RECORD SET>
========================================
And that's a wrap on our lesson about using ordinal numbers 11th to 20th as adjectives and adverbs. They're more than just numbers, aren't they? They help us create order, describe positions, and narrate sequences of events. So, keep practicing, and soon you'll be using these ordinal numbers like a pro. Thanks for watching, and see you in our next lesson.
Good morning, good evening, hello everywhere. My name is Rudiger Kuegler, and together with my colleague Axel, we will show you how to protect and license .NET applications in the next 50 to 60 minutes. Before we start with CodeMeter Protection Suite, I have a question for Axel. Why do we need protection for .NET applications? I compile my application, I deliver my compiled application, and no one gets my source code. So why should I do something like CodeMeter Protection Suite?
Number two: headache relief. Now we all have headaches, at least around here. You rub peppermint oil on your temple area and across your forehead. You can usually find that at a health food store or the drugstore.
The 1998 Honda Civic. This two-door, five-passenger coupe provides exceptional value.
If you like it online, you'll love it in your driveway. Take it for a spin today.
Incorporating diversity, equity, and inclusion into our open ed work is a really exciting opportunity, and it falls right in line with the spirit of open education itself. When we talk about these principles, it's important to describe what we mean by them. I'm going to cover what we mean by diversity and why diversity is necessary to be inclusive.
========================================
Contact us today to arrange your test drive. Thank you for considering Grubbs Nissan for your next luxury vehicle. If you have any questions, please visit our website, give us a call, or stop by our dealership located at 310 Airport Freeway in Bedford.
========================================
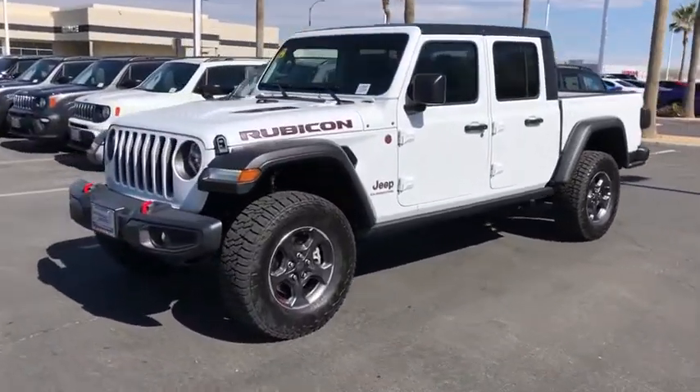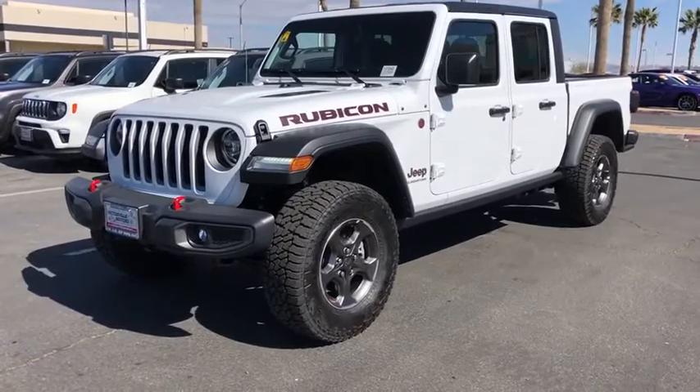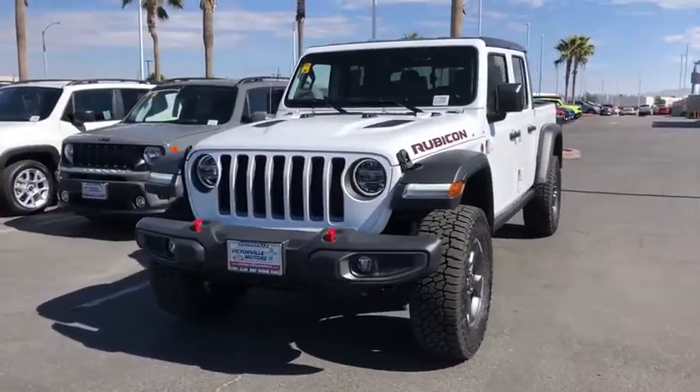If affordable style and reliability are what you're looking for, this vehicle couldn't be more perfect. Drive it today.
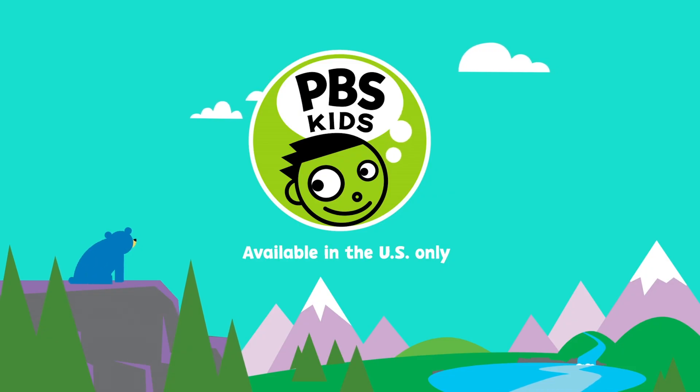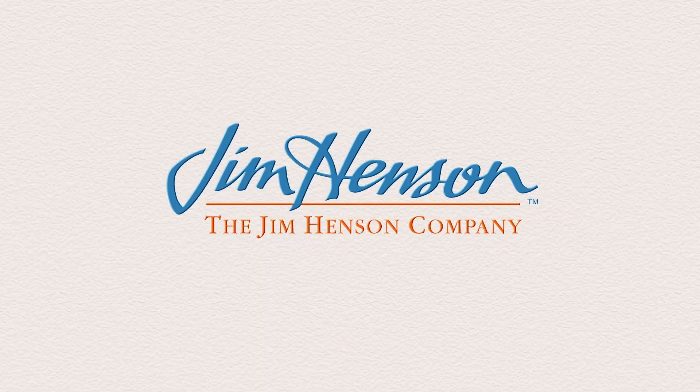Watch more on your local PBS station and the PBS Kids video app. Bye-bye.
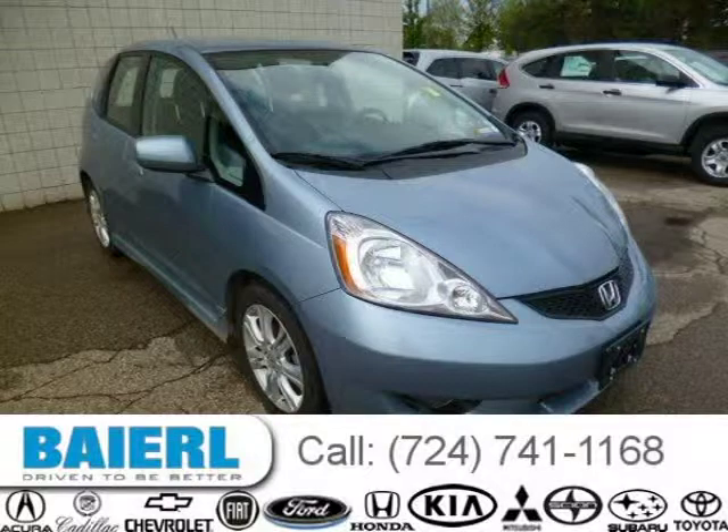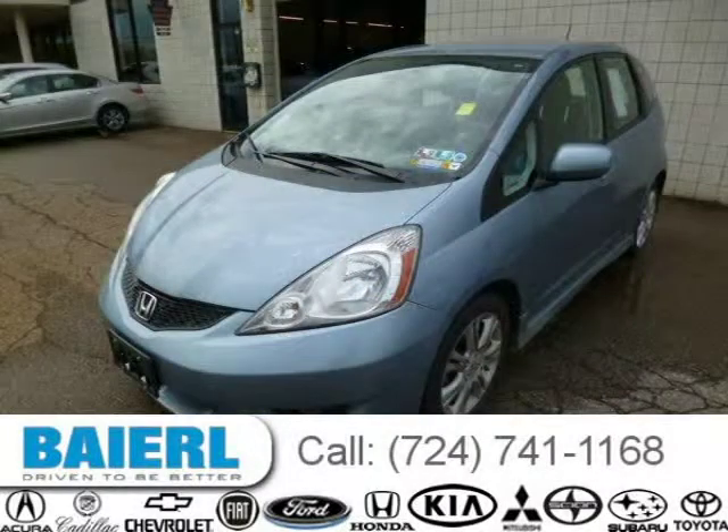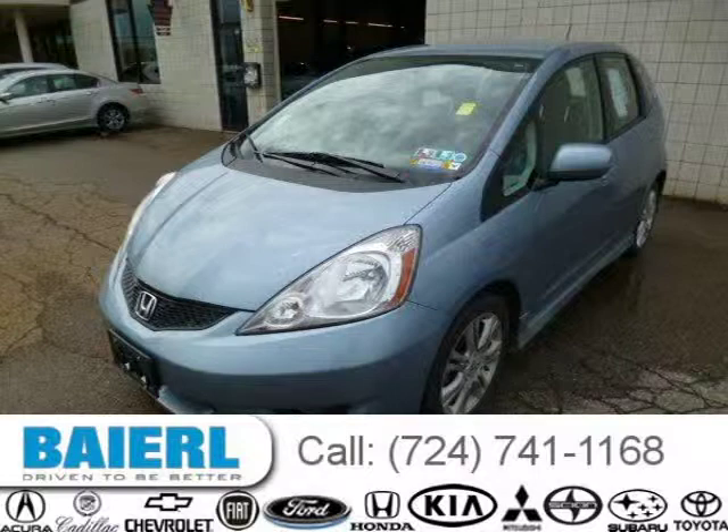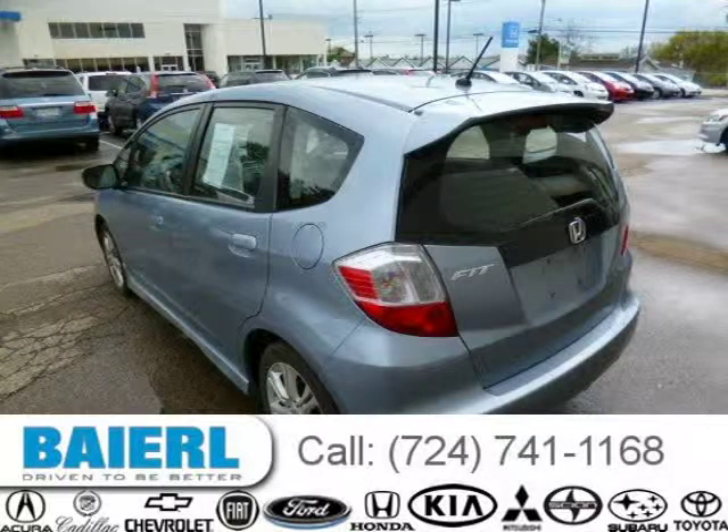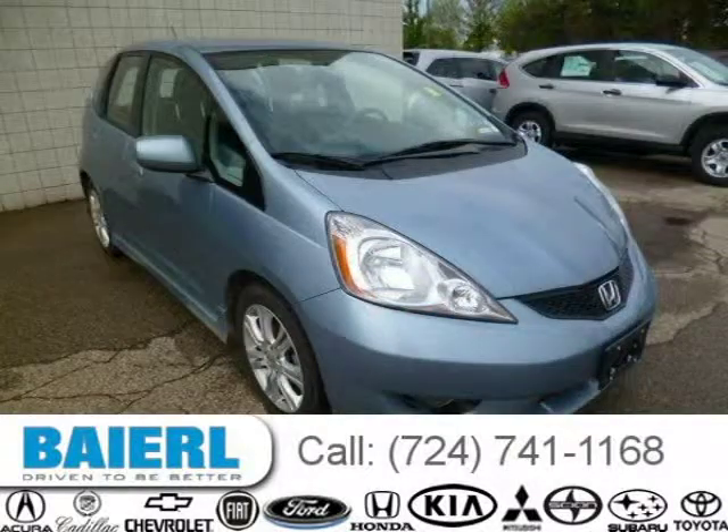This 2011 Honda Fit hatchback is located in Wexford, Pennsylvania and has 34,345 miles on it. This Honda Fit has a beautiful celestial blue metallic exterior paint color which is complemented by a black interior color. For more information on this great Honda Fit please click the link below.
========================================
Produce only the lines from the line containing "If you like" through the line containing "Incorporating diversity, equity, and", inclusive of both, exactly as they stand in the entries above.

If you like it online, you'll love it in your driveway. Take it for a spin today.
Incorporating diversity, equity, and inclusion into our open ed work is a really exciting opportunity, and it falls right in line with the spirit of open education itself. When we talk about these principles, it's important to describe what we mean by them. I'm going to cover what we mean by diversity and why diversity is necessary to be inclusive.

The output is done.